Sunday, December 9, 2012

on being a mother

being a mother is the hardest job i can imagine having.  i love my children to the moon and back again around the world and up and down - and loving them is a tough gig.  i worry.  i fret.  

i tend to believe that i worry to an unhealthy extent.  i am fragile.  i am broken.  i have good days and i have bad days, but daily i worry and worry and worry.  i exhaust myself thinking about all the what ifs and what nots that could happen to make my children unhappy or unhealthy.  

i spend most nights praying constantly that they stay well and stay asleep.  i lose sleep praying that they will sleep.  i stay awake praying that they rest.  i hear a cough and i fly awake and begin praying again.  my air or heat kicks on or off and i pop awake and start to worry.  there are a few hours each day when i am not worrying.  if i had to guess i would say it was between the hours of noon and 4.  

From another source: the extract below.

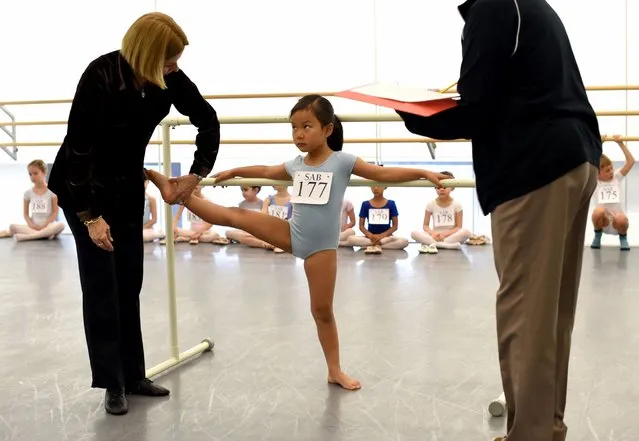 Six-year-old ballerina Julianna Chung receives instruction from School of American Ballet faculty members during spring auditions for 6-year-olds at the Lincoln Center in New York, April 11, 2016. (Photo by Timothy A. Clary/AFP Photo)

i can't imagine my life without these little humans.  i don't have any idea how people make it through the loss or serious illness with a child.  my life would be destroyed.  i couldn't go on.  i cry just thinking about it.  

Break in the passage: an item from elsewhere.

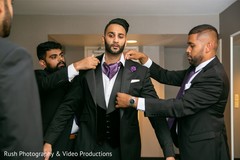 Indian groom being helped by groomsmen. Indian groom being helped by groomsmen.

i dread becoming a mother to adults.  how does that even work?  when they are making their own decisions and they live on their own...what will i do then?

i will pray.  i will pray like i do now and i will work hard to make sure that i don't damage them.  i will work hard from then until now to make sure they do a better job than i do at being a christian.  i will push them to be a better human than me.  i will encourage them to make the world a better place through their work and their philanthropy.

i love them.  

Fear Not

Today in Church Pastor Greg preached a spin, a good spin, on the Christmas story.  In Luke 2:9-10 the Angel of the Lord comes to the shephards of the field and they are terrified.  The angel tells them to not be afraid because today is born Christ Jesus our Savior.  The point of his message is that this tiny passage in the Bible is something that all of us worriers can rest our fears on. 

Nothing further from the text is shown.